The UDC structures composed here are:

TIME “2008”

PLACE (735.215.2/.4)  Counties in the Washington metropolitan area

TOPIC 1
331     Labour. Employment. Work. Labour economics. Organization of  labour
331.4     Working environment. Workplace design. Occupational safety.  Hygiene at work. Accidents at work
331.46  Accidents at work ==> 614.8

TOPIC 2
614   Prophylaxis. Public health measures. Preventive treatment
614.8    Accidents. Risks. Hazards. Accident prevention. Persona protection. Safety
614.8.069    Fatal accidents

NB – classification provides a bit more context and is more precise than words when it comes to presenting content i.e. if the content is focused on health and safety regulation and occupation health then the choice of numbers and their order would be different e.g. 614.8.069:331.46-053.18 [relationship between] health & safety policies in prevention of fatal injuries and accidents at work.

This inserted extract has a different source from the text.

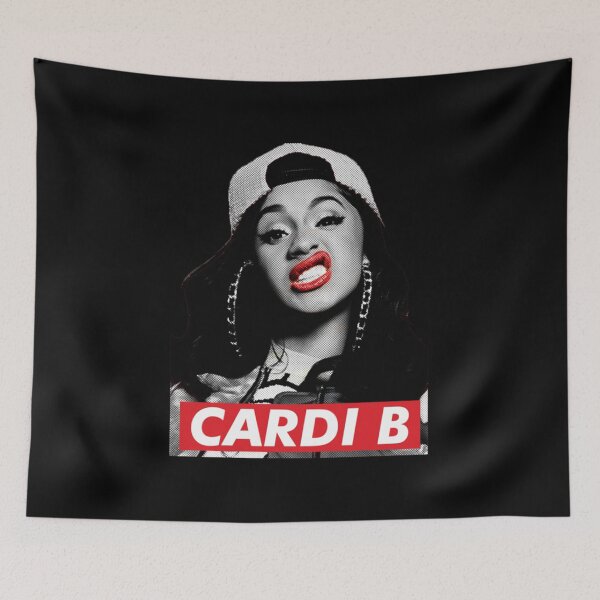 Item preview, Cardi B Rapper T-Shirts Gift For Fans, For Men and Women, Gift Mother Day, Father Day designed and sold by LornaKing.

So when you read  UDC number 331.46 you do not see only e.g. ‘accidents at work’ but  ==>  ‘accidents at work < occupational health/safety < labour economics, labour organization < economy
and when you see UDC number 614.8  it is not only fatal accidents but rather ==> ‘fatal accidents < accident prevention, safety, hazards < Public health and hygiene. Accident prevention

When you see (735.2….) you do not only see Washington but also United States, North America

So why is this interesting? A couple of reasons…

1. Each of these complex codes combines several different hierarchically organized components; just as they can be used to explore bibliographic materials, similar approaches might be of value for navigating the growing collections of public statistical data. If SKOS is to be extended / improved to better support subject classification structures, we should take care also to consider use cases from the world of statistics and numeric data sharing.

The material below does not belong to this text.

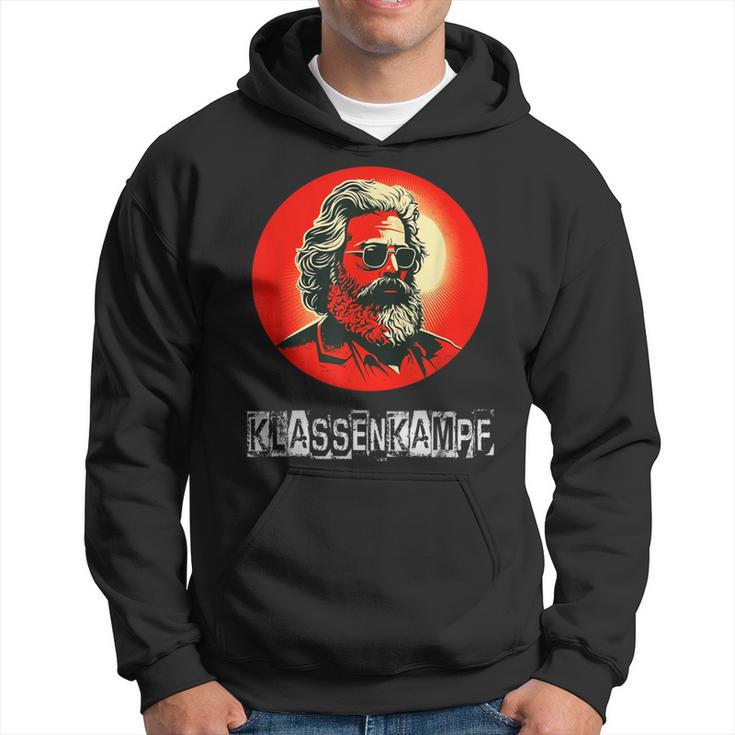 Karl Marx Socialist Communist Hoodie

2. Multilingual aspects. There are plans to expose SKOS data for the upper levels of UDC. An HTML interface to this “UDC summary” is already available online, and includes collected translations of textual labels in many languages (see progress report) . For example, we can look up 331.4 and find (in hierarchical context) definitions in English (“Working environment. Workplace design. Occupational safety. Hygiene at work. Accidents at work”), alongside e.g. Spanish (“Entorno del trabajo. Diseño del lugar de trabajo. Seguridad laboral. Higiene laboral. Accidentes de trabajo”), CroatianArmenian, …

Linked Data is about sharing work; if someone else has gone to the trouble of making such translations, it is probably worth exploring ways of re-using them. Numeric data is (in theory) linguistically neutral; this should make linking to translations particularly attractive. Much of the work around RDF and stats is about providing sufficient context to the raw values to help us understand what is really meant by “66” in some particular dataset. By exploiting SDMX-RDF’s use of SKOS, it should be possible to go further and to link out to the wider literature on workplace fatalities. This kind of topical linking should work in both directions: exploring out from numeric data to related research, debate and findings, but also coming in and finding relevant datasets that are cross-referenced from books, articles and working papers. W3C recently launched a Library Linked Data group, I look forward to learning more about how libraries are thinking about connecting numeric and non-numeric information.